== Segment start ==

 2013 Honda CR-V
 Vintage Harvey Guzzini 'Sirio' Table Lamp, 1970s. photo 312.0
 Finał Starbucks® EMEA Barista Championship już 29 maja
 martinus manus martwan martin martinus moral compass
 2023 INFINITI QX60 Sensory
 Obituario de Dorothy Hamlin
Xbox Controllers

== Segment end ==
== Segment start ==

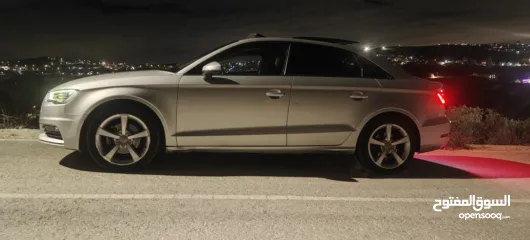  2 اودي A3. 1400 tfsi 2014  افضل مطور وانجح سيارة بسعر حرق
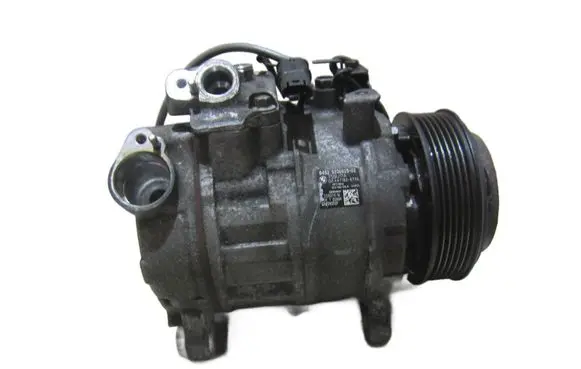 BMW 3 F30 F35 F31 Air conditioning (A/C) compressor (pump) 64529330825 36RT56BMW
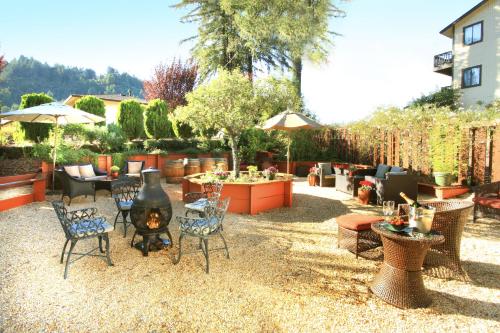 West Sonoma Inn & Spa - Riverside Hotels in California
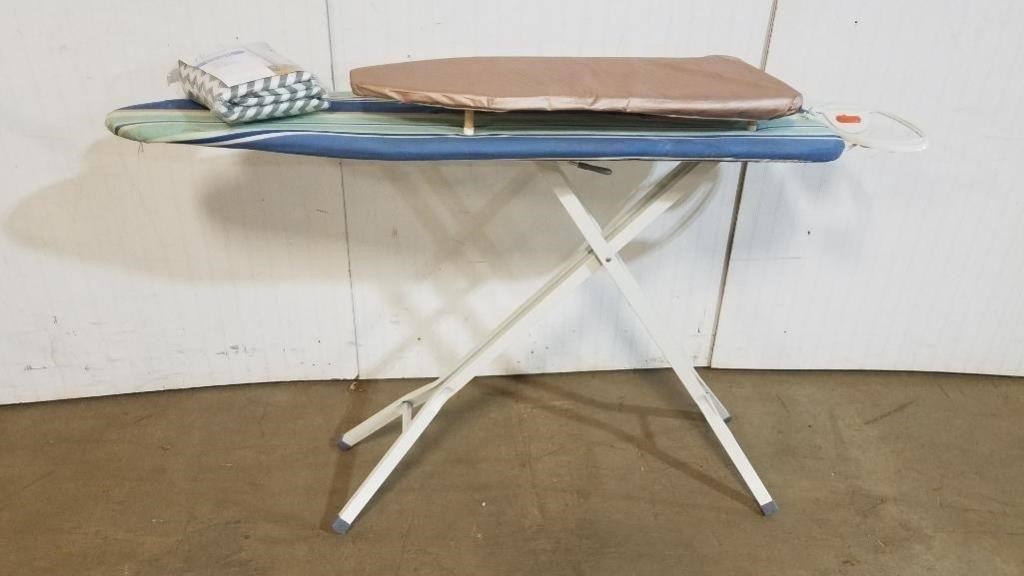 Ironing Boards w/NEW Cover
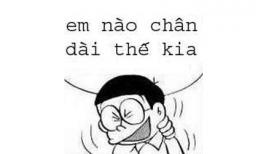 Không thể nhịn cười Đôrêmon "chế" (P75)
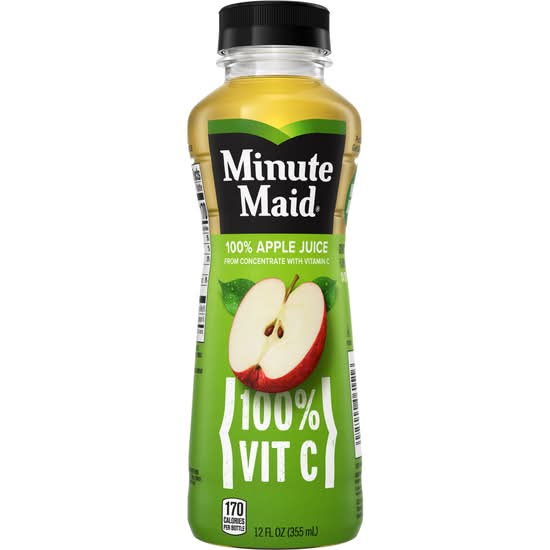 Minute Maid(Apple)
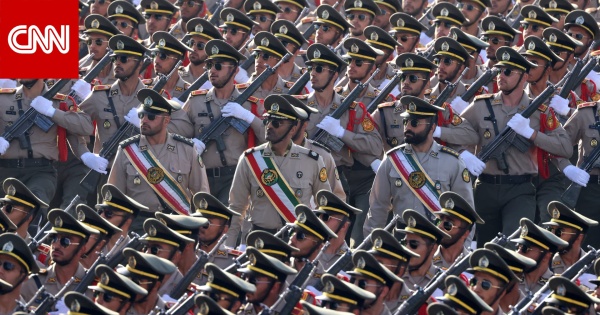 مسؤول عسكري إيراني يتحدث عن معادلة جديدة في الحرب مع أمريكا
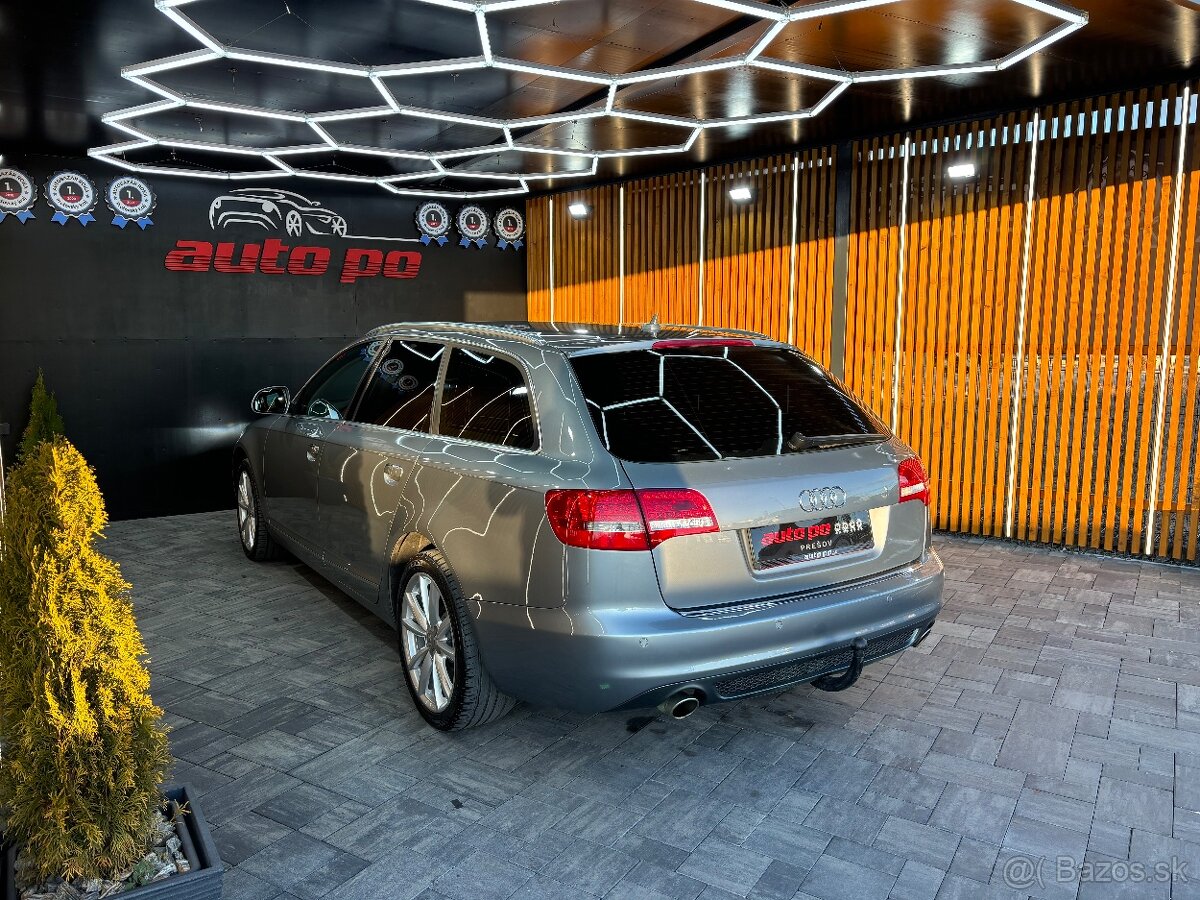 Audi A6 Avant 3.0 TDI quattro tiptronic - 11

== Segment end ==
== Segment start ==

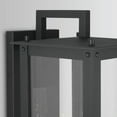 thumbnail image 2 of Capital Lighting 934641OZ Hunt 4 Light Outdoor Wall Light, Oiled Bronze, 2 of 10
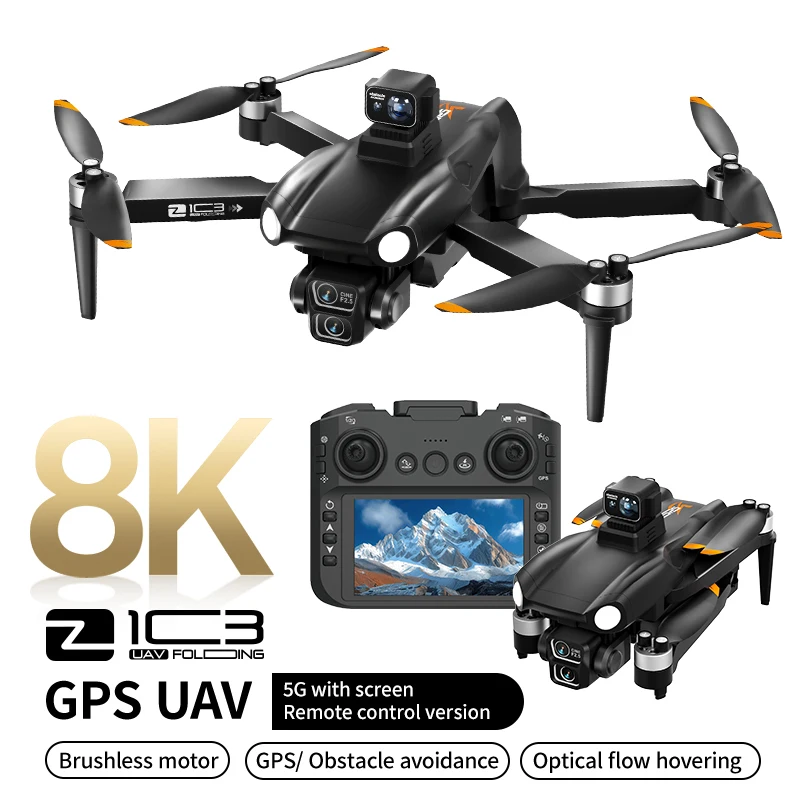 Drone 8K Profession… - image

== Segment end ==

| Directions for this task |
Return exactly the lines above from the line that has "Vintage Harvey Guzzini" through the line that has "Xbox Controllers", inclusive, and nothing else.

| Exercise output |
 Vintage Harvey Guzzini 'Sirio' Table Lamp, 1970s. photo 312.0
 Finał Starbucks® EMEA Barista Championship już 29 maja
 martinus manus martwan martin martinus moral compass
 2023 INFINITI QX60 Sensory
 Obituario de Dorothy Hamlin
Xbox Controllers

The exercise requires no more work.